Definition (Right-Angled Coxeter Groups). Given a defining graph $\Gamma$, which consists of vertices $V$ and edges $E$, we define its associated Right-Angled Coxeter Group (RACG) as the presentation $$ W_{\Gamma} \coloneqq \langle V \mid {\color{LimeGreen}v^2}, {\color{violet}[v_1,v_2]} : v\in V, (v_1,v_2) \in E \rangle. $$
We will refer to $V$ as the letters of $W_{\Gamma}$, and any combination of letters as a word (which is also a group element!). The most important parts of this definition is that $\color{LimeGreen}\text{letters cancel if written twice}$, and $\color{violet}\text{letters commute if they are an edge in the defining graph}$.
Example (Pentagon graph). RACGs tend to represent reflections. In fact, we can relate our group to reflections along the hyperbolic plane. For example, for the tiling shown in the first figure, there is a RACG that represents the reflections along the lines between pentagons. Its defining graph is shown below.
In order to make sure our groups are hyperbolic, we need the following theorem.
Theorem (Moussong). A RACG is hyperbolic if and only if its defining graph does not have a square.
We can prove this in one direction easily. If we assume that the RACG has a square, then we can find a subgroup that is isomorphic to $\mathbb{Z}\oplus\mathbb{Z}$. This is non-hyperbolic, and will therefore violate our requirements for hyperbolicity.
Because of this, we have to make sure that our defining graphs do not have any squares.
Methods: discretizing horospheres
To create our horosphere on RACGs, we first wanted to find a point on the horosphere, and try to expand outwards. We could ran a program to find other words also on the horosphere. To make sure that we didn’t repeat words (like $ab$ and $ba$), we set an order $<$ on equivalent words called ShortLex, which essentially found the shortest, then lexicographically first way to write a word. We would let the program run out to some length and then have it return a list of the words it found.
However, we ended up just having a list of words, but with no clear relation. Our next task was to combine them into a discrete graph. Since words of the horosphere were even distance apart (with respect to the word metric), we connected words that were exactly $2$ apart. In many cases, this connected our graph, and gave some idea of the structure of the horosphere.

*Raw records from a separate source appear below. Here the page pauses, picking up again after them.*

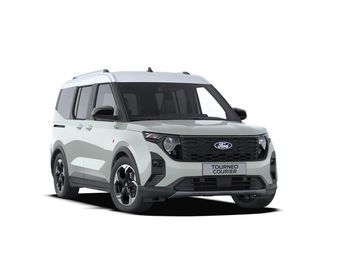 Active L1, 1.0 EcoBoost, Aut.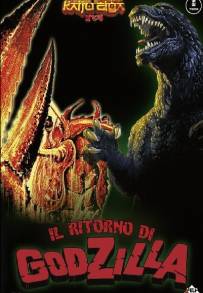 Il ritorno di Godzilla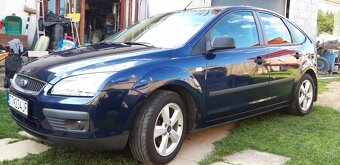 Focus 1.6í r.v.2006 - 4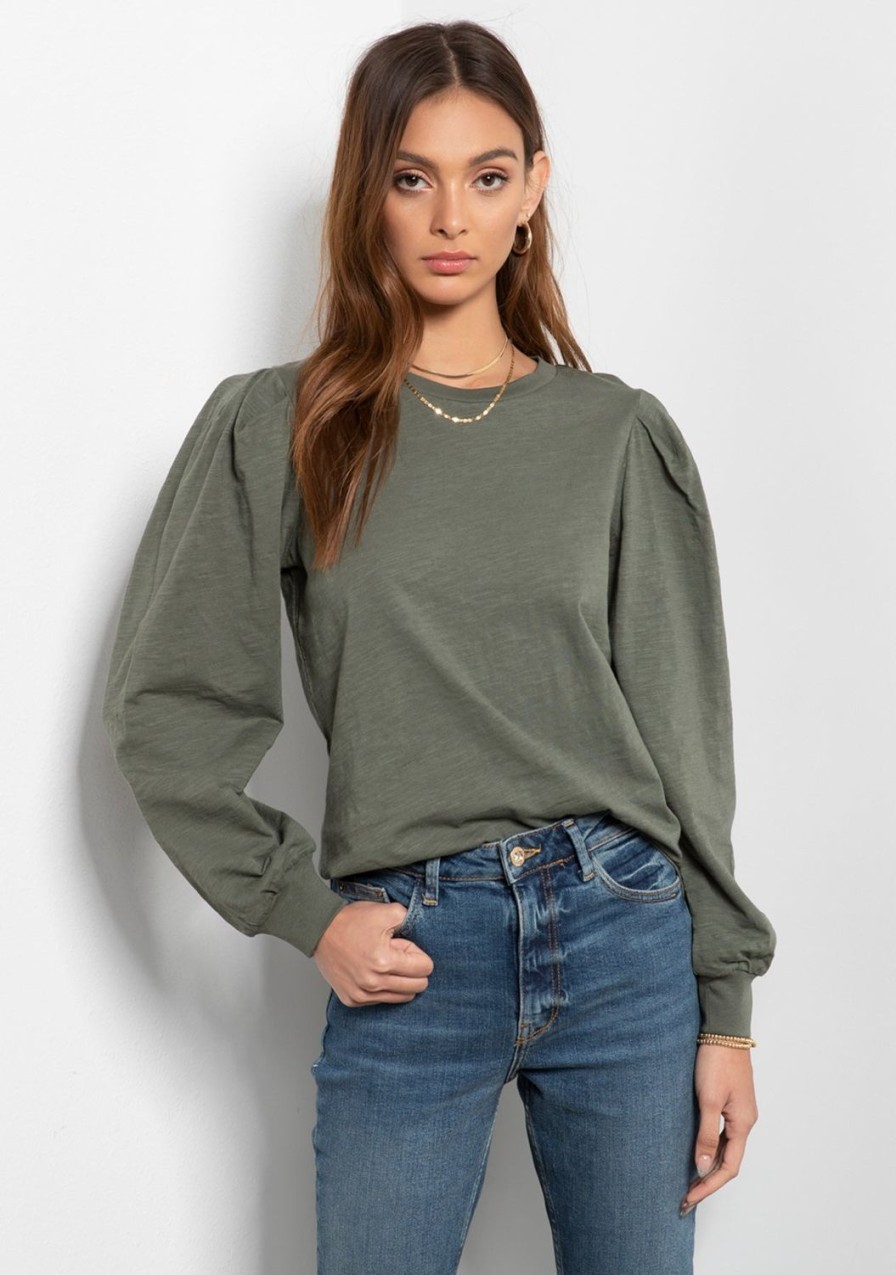 Clothing TART Collections | Melvina Top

Our main work this semester was to extend our program to work with much more complex defining graphs. One defining graph we chose was a triangulation of a torus, which had $21$ nodes.
Results
We were able to put the horosphere data in Mathematica to get pictures of the horospheres.
Discussion
We know that finitely generated groups can have either $0$, $1$, $2$, or $\infty$ ends on their Cayley graphs. The horosphere however, is not the entire Cayley graph. We found it can have more interesting numbers of ends (such as $3$ in the $\Theta$ graph). We can prove the number of ends a horosphere is based on our defining graph and which ray we choose, and we now visualize this.
Generating a finite part of the horosphere on a group gives us a discrete visualization of the boundary of that group. The boundary is the set of geodesic rays with the equivalence relation $\sim$ between rays if they are “going the same direction.” The boundary of a hyperbolic space minus a point looks similar to these finite horospheres. In fact, the boundaries of some of our RACGs can be understood as homeomorphic to one of three objects: a $2$-sphere, and two fractal-like surfaces.
The horosphere of the pentagon defining graph looks like a line because the boundary of the group is a circle, and a circle minus a point can be stretched to look like (is homeomorphic to) a line.